Strategic Tax and Business Planning for Closely-Held Businesses

Our attorneys are experienced in analyzing the intricacies of tax issues encountered by “C” and “S” corporations, real estate, various general and limited partnerships, business trusts, limited liability companies and other business organizations. Considering our clients’ specific needs, we devise tax-wise strategies to form, operate, reorganize, merge, sell and liquidate businesses. We assist our clients in designing executive compensation plans involving restricted stock, stock options, ESOPs, retirement planning and other benefits.
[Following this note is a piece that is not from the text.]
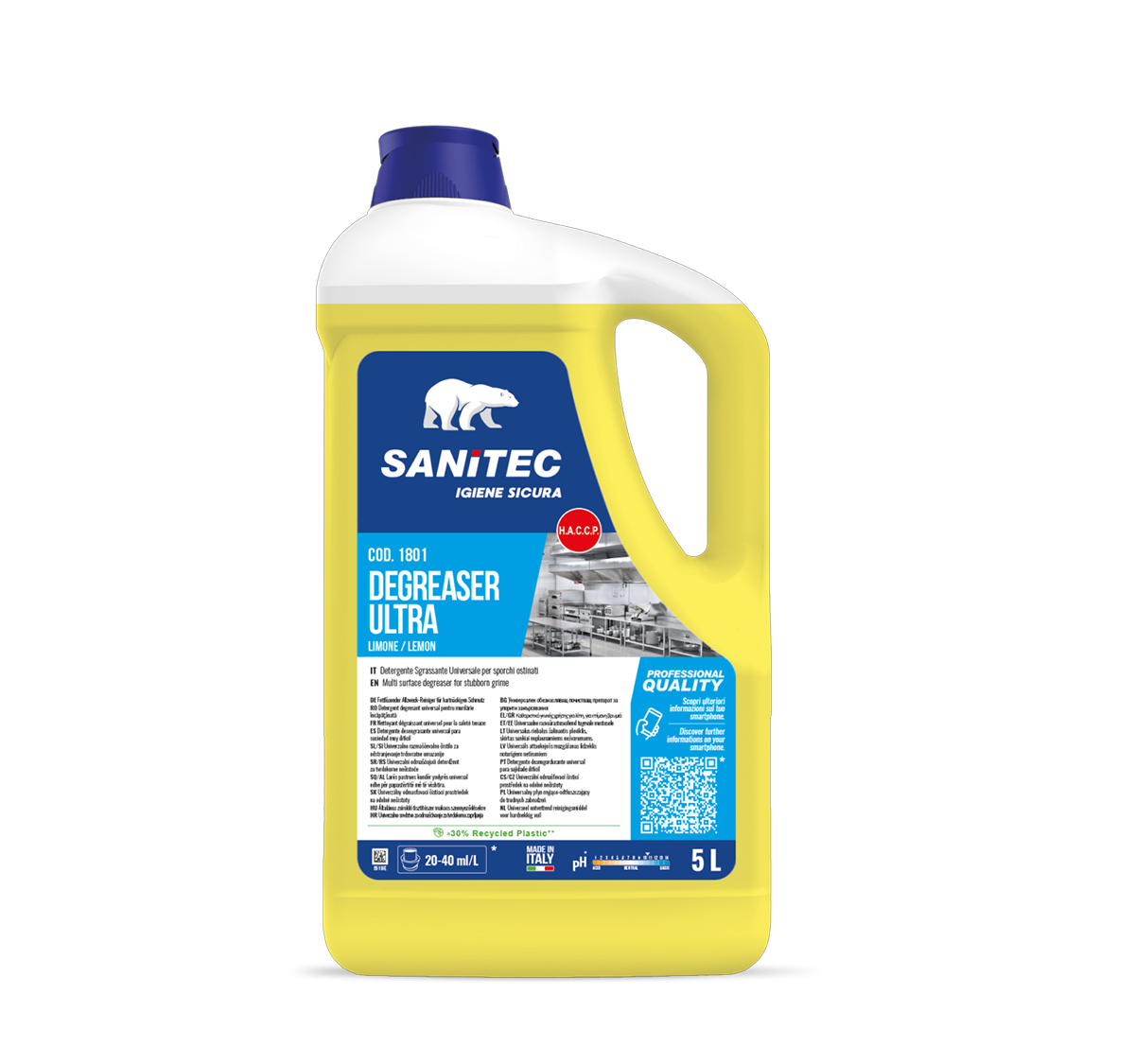 degreaser-ultra-multisurface-for-stubborn-grime-alkaline-based-lemon-fragranced-spill-free-mouth-5ltrs–1801-2 Degreaser Ultra Multisurface for Stubborn Grime Alkaline based Lemon fragranced Spill Free Mouth 5Ltrs – 1801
We specialize in structuring arrangements for the particular needs of the owners of closely-held businesses, including compensation and employment agreements, stock ownership, mergers and acquisitions, restructuring, family planning and buy-sell arrangements. We offer our expertise in negotiating and drafting the documents needed to implement and fulfill these goals.

We advise our clients regarding sophisticated tools and techniques they can use to take advantage of various income, gift, and estate tax benefits available to them under the Internal Revenue Code, including real estate deferred like-kind exchanges, conversions of business activities to pass-through entities, charitable remainder trusts, annual gift tax exclusion donations, private annuities, installment sales to younger generation family members, etc.

Our firm has represented both owners and sellers of closely held businesses, national franchises and multi-national businesses in corporate mergers, acquisitions, restructuring and reorganizations. Additionally, our firm specializes in the preparation of complex limited liability, partnership and corporate shareholder agreements in which the legal concerns of both passive investors and management are addressed and solved.